**What the task requires**
Once the line with "Оригинални обувки VERSACE" is found in the entries below, repeat it and each following line exactly, up to and including the line with "25.08.2024 - Elbe". Add no other lines.

**Provided data**
>>>
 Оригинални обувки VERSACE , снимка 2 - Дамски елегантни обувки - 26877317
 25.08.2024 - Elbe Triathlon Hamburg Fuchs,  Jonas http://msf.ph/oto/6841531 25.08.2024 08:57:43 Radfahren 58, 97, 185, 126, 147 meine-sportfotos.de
<<<
>>>
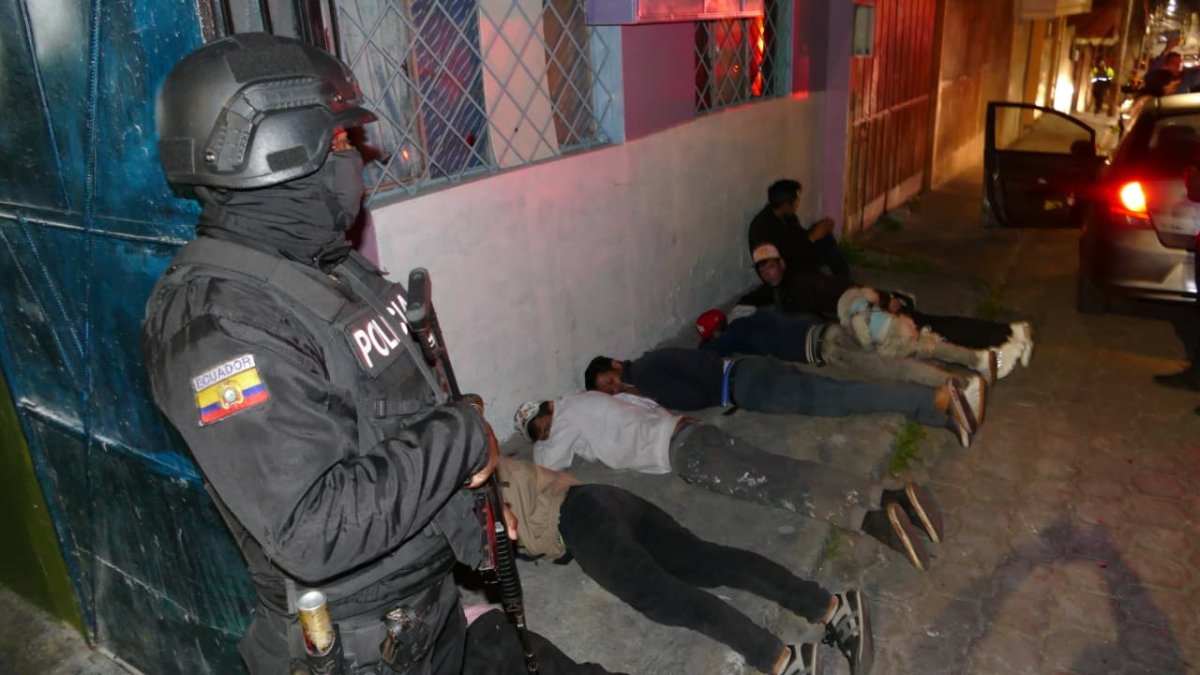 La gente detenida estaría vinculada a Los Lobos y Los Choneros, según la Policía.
<<<
**Answer area**
 Оригинални обувки VERSACE , снимка 2 - Дамски елегантни обувки - 26877317
 25.08.2024 - Elbe Triathlon Hamburg Fuchs,  Jonas http://msf.ph/oto/6841531 25.08.2024 08:57:43 Radfahren 58, 97, 185, 126, 147 meine-sportfotos.de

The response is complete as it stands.